Dehaene ging eine Koalition mit den Sozialisten ein, die zwar über die Mehrheit im Parlament verfügte, nicht aber über die Zweidrittelmehrheit, die zur Durchführung der letzten Stufe der Staatsreform, d. h. zu einer Verfassungsänderung notwendig war. Am 6. Februar 1993 verabschiedete das Parlament schließlich nach langen Verhandlungen die unterdessen leicht modifizierte Staatsreform, die auch eine Reduzierung der Mandate in Abgeordnetenhaus und Senat einschloss.

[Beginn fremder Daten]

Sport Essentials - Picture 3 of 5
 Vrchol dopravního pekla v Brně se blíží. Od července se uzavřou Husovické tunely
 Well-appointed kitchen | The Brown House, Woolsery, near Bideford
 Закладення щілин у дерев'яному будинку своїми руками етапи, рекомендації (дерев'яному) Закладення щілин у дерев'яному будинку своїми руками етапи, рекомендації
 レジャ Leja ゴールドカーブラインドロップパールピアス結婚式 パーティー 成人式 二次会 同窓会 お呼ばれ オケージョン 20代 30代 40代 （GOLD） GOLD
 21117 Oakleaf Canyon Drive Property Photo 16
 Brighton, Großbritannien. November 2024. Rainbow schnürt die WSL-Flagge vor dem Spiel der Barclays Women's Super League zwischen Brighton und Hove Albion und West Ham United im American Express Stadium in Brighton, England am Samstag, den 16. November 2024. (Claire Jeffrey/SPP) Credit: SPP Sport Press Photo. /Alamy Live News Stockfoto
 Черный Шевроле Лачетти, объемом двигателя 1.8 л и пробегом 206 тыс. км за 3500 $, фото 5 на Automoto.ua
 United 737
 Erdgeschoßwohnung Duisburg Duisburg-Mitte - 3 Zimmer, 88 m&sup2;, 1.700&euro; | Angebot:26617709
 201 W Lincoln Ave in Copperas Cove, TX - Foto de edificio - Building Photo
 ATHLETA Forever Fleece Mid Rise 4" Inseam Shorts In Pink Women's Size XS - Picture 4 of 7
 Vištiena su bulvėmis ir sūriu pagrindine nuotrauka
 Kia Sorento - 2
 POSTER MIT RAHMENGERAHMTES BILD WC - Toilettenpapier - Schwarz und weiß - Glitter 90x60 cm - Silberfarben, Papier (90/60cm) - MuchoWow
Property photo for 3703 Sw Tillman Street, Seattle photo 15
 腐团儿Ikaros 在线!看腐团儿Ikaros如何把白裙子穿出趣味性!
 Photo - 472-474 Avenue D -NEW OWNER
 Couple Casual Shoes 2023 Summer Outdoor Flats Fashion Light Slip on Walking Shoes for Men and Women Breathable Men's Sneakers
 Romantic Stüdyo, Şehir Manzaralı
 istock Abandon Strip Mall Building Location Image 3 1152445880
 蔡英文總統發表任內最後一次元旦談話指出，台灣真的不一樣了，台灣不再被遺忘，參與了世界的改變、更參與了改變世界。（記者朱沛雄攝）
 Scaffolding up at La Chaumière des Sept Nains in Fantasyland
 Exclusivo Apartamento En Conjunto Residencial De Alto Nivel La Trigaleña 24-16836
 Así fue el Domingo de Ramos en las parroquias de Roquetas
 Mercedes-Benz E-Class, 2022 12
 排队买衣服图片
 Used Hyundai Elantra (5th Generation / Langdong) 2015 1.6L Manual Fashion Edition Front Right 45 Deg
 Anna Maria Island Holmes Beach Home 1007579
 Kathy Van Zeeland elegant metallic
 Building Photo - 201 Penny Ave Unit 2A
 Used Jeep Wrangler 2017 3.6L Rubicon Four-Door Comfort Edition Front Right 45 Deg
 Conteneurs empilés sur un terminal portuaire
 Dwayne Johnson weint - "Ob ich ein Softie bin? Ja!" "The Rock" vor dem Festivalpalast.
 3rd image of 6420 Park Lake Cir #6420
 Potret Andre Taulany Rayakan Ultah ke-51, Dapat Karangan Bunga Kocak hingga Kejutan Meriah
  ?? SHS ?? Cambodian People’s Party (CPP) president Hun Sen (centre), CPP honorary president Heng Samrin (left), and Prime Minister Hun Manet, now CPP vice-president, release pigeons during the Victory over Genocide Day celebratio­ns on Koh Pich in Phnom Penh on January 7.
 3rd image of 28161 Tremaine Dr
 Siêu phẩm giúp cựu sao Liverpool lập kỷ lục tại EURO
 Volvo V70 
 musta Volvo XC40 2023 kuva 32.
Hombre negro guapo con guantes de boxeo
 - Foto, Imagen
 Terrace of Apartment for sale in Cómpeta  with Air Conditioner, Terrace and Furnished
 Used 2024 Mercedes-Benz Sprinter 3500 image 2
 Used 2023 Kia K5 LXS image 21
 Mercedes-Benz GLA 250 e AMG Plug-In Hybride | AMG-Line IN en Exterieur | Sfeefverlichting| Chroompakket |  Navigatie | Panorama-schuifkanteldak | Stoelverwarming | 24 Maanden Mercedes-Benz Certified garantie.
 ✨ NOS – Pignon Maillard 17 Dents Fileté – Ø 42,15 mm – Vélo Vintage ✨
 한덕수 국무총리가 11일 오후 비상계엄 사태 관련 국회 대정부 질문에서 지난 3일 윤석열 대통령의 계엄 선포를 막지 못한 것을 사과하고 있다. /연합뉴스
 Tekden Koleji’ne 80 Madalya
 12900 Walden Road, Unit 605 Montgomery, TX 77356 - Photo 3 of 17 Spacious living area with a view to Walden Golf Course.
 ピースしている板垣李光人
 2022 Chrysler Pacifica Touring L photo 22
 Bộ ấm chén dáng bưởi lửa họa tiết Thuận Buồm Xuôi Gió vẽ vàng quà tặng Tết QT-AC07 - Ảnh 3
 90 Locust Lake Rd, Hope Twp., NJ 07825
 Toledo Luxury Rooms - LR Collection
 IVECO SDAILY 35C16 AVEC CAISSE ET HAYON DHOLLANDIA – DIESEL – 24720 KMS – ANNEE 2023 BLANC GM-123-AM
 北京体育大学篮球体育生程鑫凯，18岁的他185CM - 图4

Am 8. Mai 1993 trat die Verfassungsänderung in Kraft; im ersten Artikel der Verfassung wird Belgien nun als Bundesstaat definiert. Die erhoffte langfristige Beruhigung des wallonisch-flämischen Konflikts blieb jedoch aus; auch in der Folgezeit kam es immer wieder zu zum Teil gewalttätigen Ausschreitungen, und vor allem das finanzstärkere Flandern fordert weitergehende, vor allem finanzielle Autonomie der Regionen ein.

Am 31. Juli 1993 starb König Baudouin I., Nachfolger wurde sein Bruder Albert II.

Im Juli 1992 ratifizierte das Parlament den Vertrag von Maastricht. Um die Staatsverschuldung in den Griff zu bekommen, leitete Dehaene einen rigorosen Sparkurs ein, über den die Koalition mit den Sozialisten beinahe zu zerbrechen drohte. Nach den Wahlen vom Mai 1995, bei denen die Christdemokraten leicht verloren, die Sozialisten leicht hinzugewannen, setzte Dehaene die Koalition mit den Sozialisten fort, desgleichen seinen Sparkurs, um die Kriterien zur Aufnahme in die Europäische Währungsunion zu erfüllen.

Im März 1995 schaffte Belgien die Wehrpflicht ab und im Juni 1996 als letztes Land der Europäischen Union auch die Todesstrafe.

Ab dem Herbst 1996 befand sich Belgien innenpolitisch in einer Krise, ausgelöst durch die Festnahme des mehrfachen Kinderschänders und -mörders Marc Dutroux. Die Untersuchungen in diesem Fall brachten zahllose Versäumnisse, Schlampereien und Korruption in Polizei und Justiz zu Tage, provozierten in Belgien Massendemonstrationen gegen Politik und Verwaltung, die so genannten „Weißen Märsche”, und veranlassten die Regierung Dehaene zur Vorlage eines umfangreichen Reformkatalogs, der die politischen Strukturen in Belgien demokratischer und durchschaubarer gestalten sollte. Daneben erschütterte die so genannte Agusta-Affäre die Glaubwürdigkeit der belgischen Politik: Hochrangige Politiker wie Willy Claes, Wirtschaftsminister von 1988 bis 1992 und anschließend NATO-Generalsekretär, sollen von dem italienischen Helikopterhersteller Agusta und dem französischen Flugzeugbauer Dassault Bestechungsgelder in Höhe von mehreren Millionen Franc angenommen haben.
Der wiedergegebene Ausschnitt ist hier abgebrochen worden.